Pero existe otra perspectiva aún más cruel, que cabría encontrar presente en la mente aviesa de esas que existen entre las personas que “no quieren a nadie, comenzando por ellos mismos”, a las que, en lo que sería un acto de sadomasoquismo, se la escuchara decir “ahora sabrá, - tendría que haber dicho, en puridad “sabremos”- lo que en realidad significa el ¨tener que vivir con lo nuestro¨”. Ello, en una clara alusión a una consigna cuya autoría se atribuye a un ilustre e ilustrado compatriota, cual es Aldo Ferrer.

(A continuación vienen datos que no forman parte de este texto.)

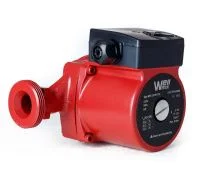 Циркуляционный насос Wellmix WRS 25/80 180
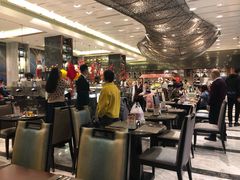 -美食汇·海鲜自助餐·家庭聚会·商务宴请(青秀万达文华店)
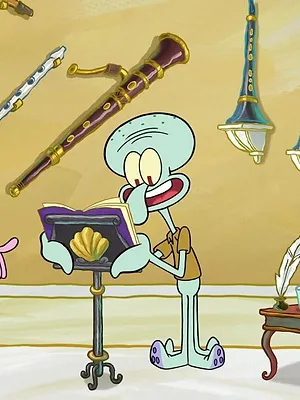 Bob l'éponge S15 E2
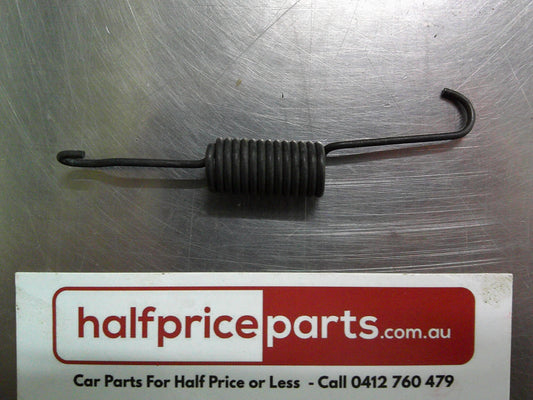 Holden XC Barina/Combo Genuine Rear Brake Shoe Adjuster Spring New Part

De cualquier manera, desde el punto de vista de los que son amigos de proclamar ese tipo de frases, transformadas en consignas, en las que se ve al concepto de “soberanía” adjetivado hasta el infinito, y por ende, a una auténtica soberanía, la que, como tal, es una sola, aunque por ellos desmembrada, les cabría muy bien aquel sayo.
Ya que el relato al que mencionamos, vendría a señalar que hemos “roto en pedazos a nuestra… soberanía monetaria”, sin que olvidemos tantas otras que hemos ido destrozando en nuestro mal rumbeado andar, a través de muchos años.

Que quede claro que no estamos atribuyendo a nadie en particular, algo que significa - a no dudarlo- culpas colectivas, por más que se dé el caso de quienes se muestren orondos rehuyendo toda responsabilidad en nuestro actual estado de cosas.

Sino que nuestra intención es que nos volvamos del todo conscientes de la gravedad extrema de nuestra actual situación, que para enfrentarla se exige comenzar por dejar de lado nuestras continuas peleas, las más de las cuales hablan tanto de pequeñas miserias como grandes y vergonzosos escándalos.

Una toma de conciencia sobre la que venimos machacando de manera recurrente y hasta en una forma casi obsesiva, en lo que da por momentos la impresión de una larga jeremiada, pero sin la cual nos resultara todo, no solo más esforzado, sino también hasta cruelmente costoso.